EXERCISE INPUTS
####
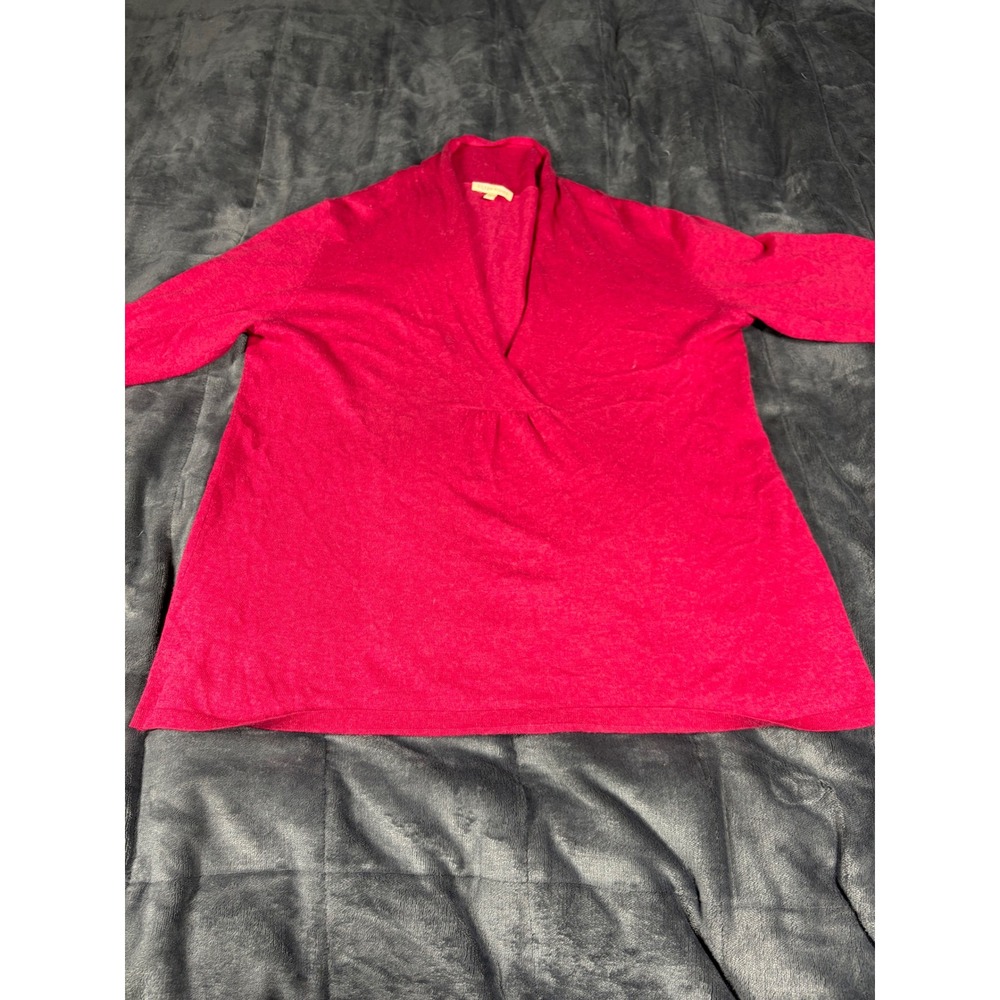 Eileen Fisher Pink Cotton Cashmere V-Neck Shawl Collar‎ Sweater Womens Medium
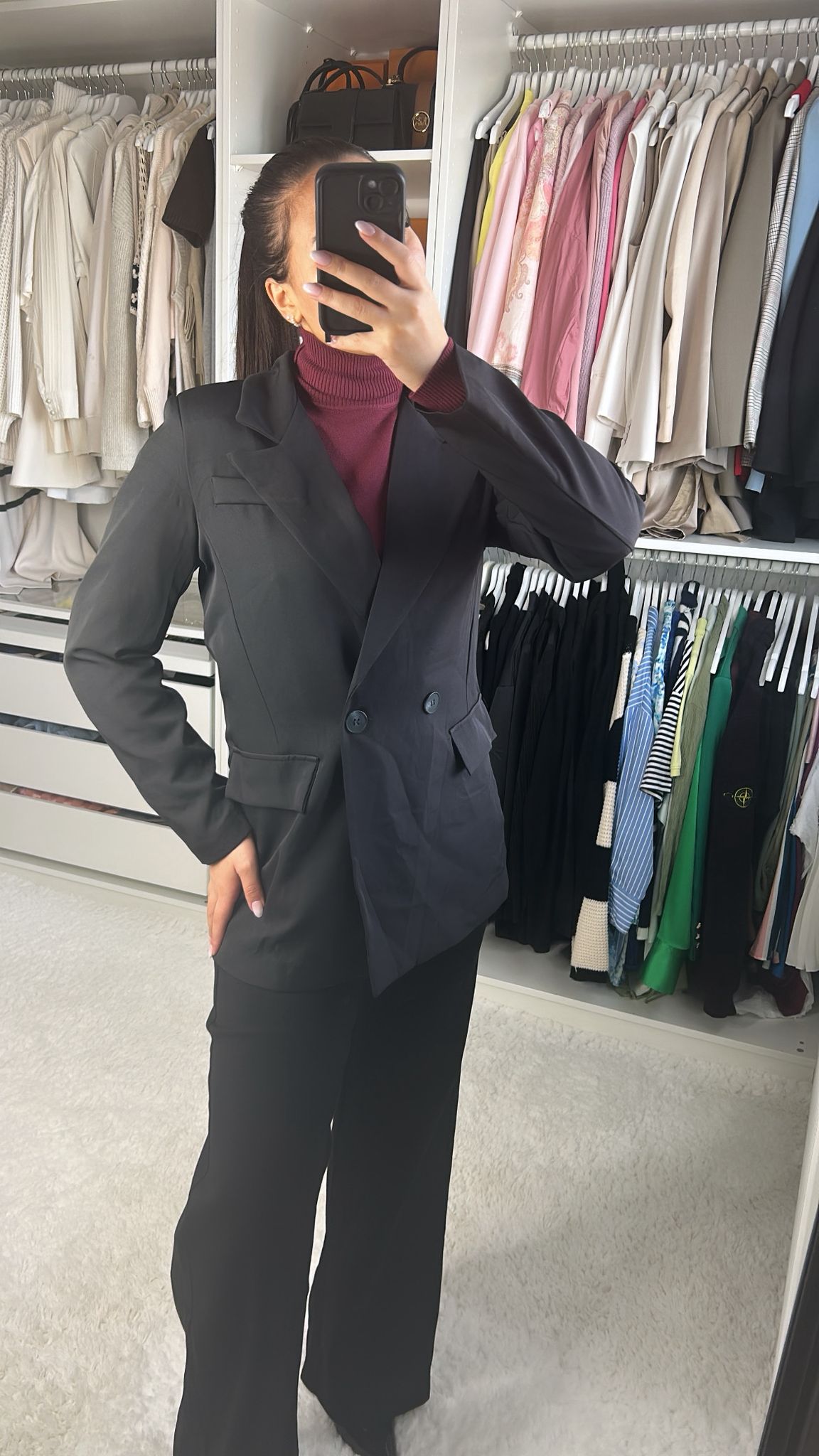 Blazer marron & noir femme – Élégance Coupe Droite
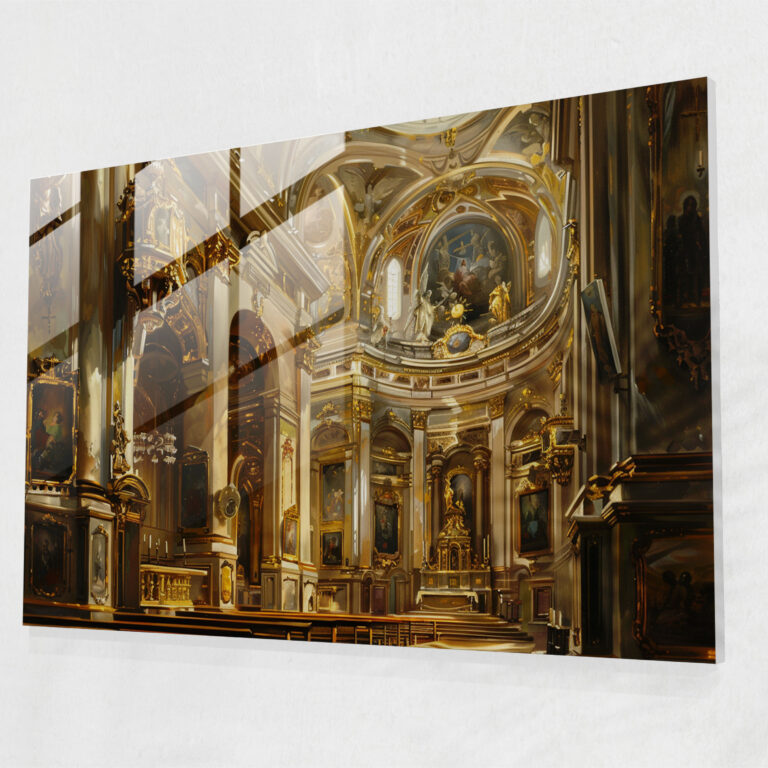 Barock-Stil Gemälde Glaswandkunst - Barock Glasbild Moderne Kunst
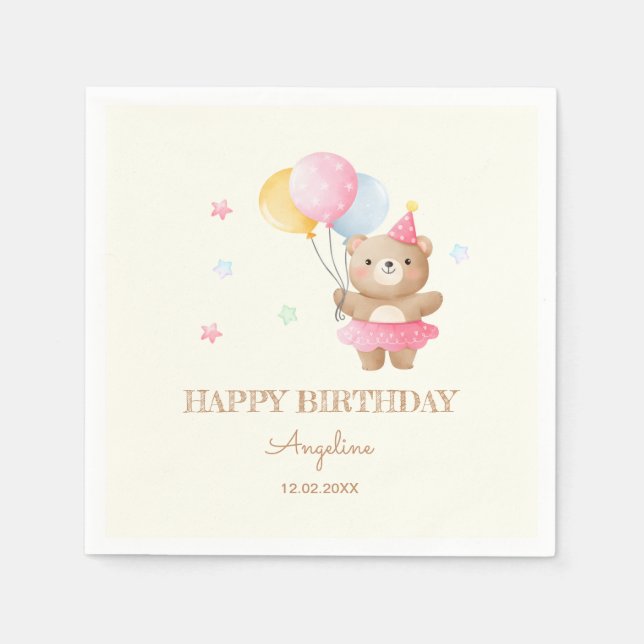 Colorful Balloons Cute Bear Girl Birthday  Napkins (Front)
####
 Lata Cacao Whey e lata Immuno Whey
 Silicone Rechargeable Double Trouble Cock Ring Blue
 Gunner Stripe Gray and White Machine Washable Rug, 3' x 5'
####
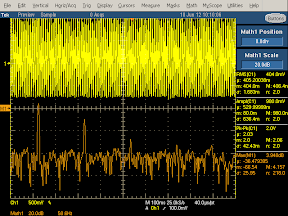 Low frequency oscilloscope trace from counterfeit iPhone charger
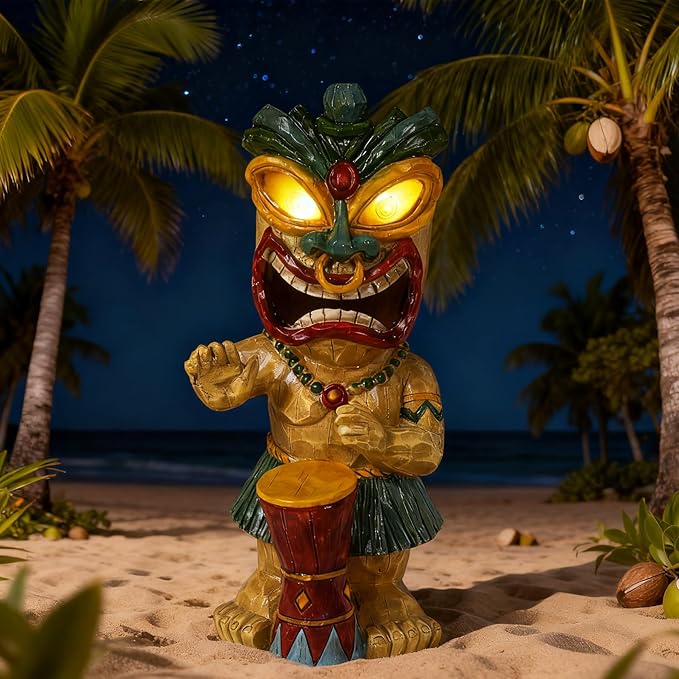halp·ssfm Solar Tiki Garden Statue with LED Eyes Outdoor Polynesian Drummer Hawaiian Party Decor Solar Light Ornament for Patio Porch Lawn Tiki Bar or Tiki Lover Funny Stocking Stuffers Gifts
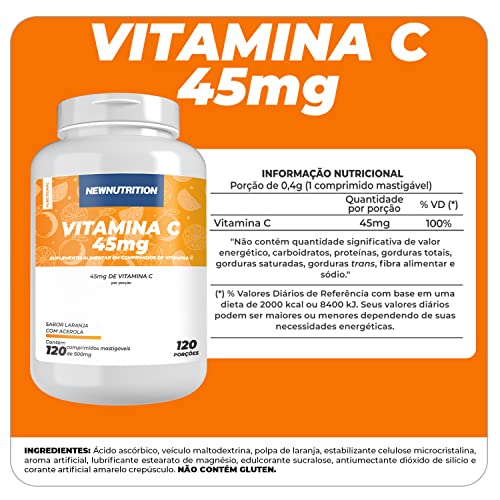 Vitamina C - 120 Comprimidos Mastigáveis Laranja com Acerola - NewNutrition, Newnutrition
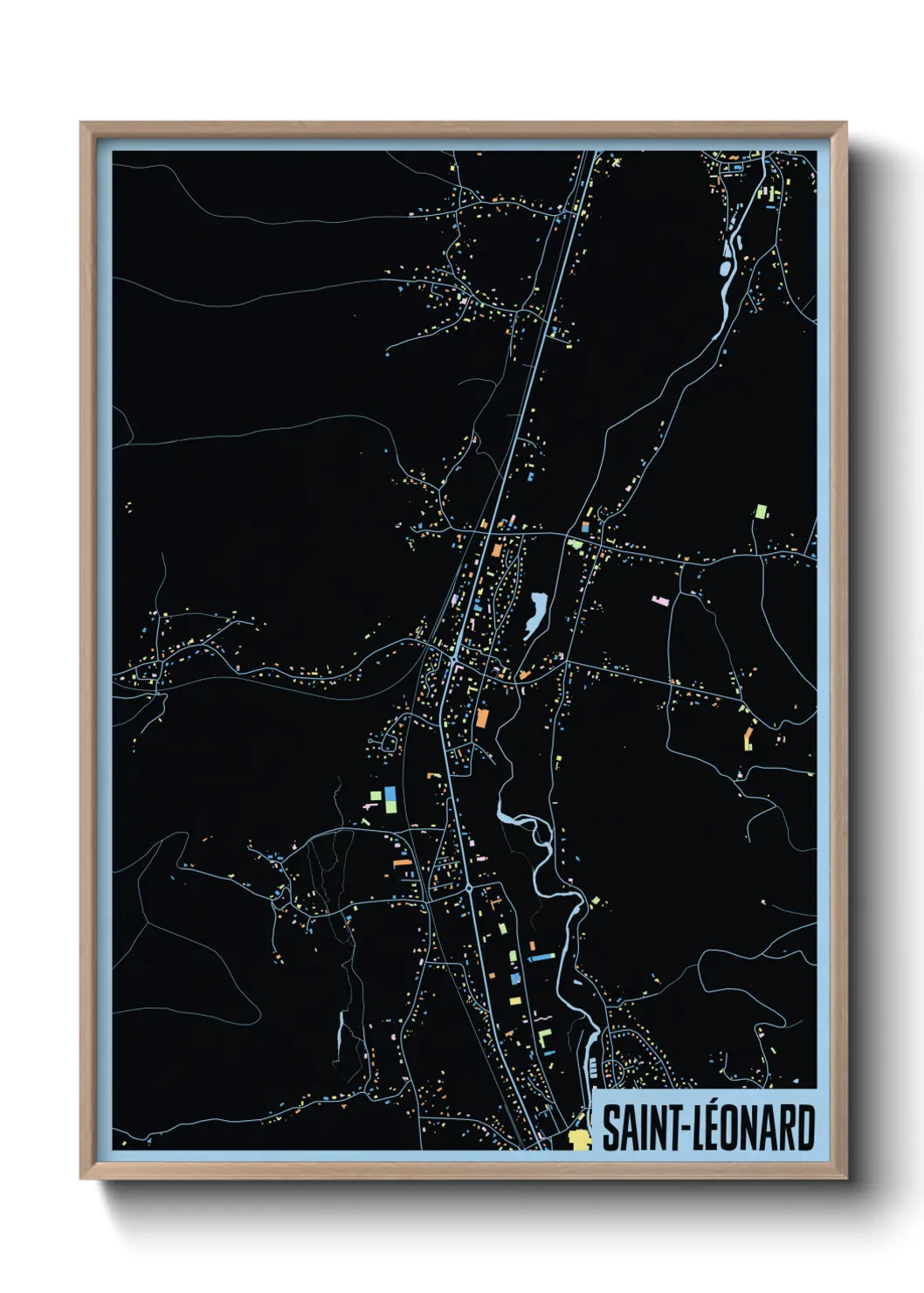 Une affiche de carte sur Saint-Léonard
####
YOUR OBJECTIVE
Restate word for word the entries above, starting at the line with "Silicone Rechargeable Double" and ending at the line with "Gunner Stripe Gray", inclusive, and no others.

YOUR SOLUTION
 Silicone Rechargeable Double Trouble Cock Ring Blue
 Gunner Stripe Gray and White Machine Washable Rug, 3' x 5'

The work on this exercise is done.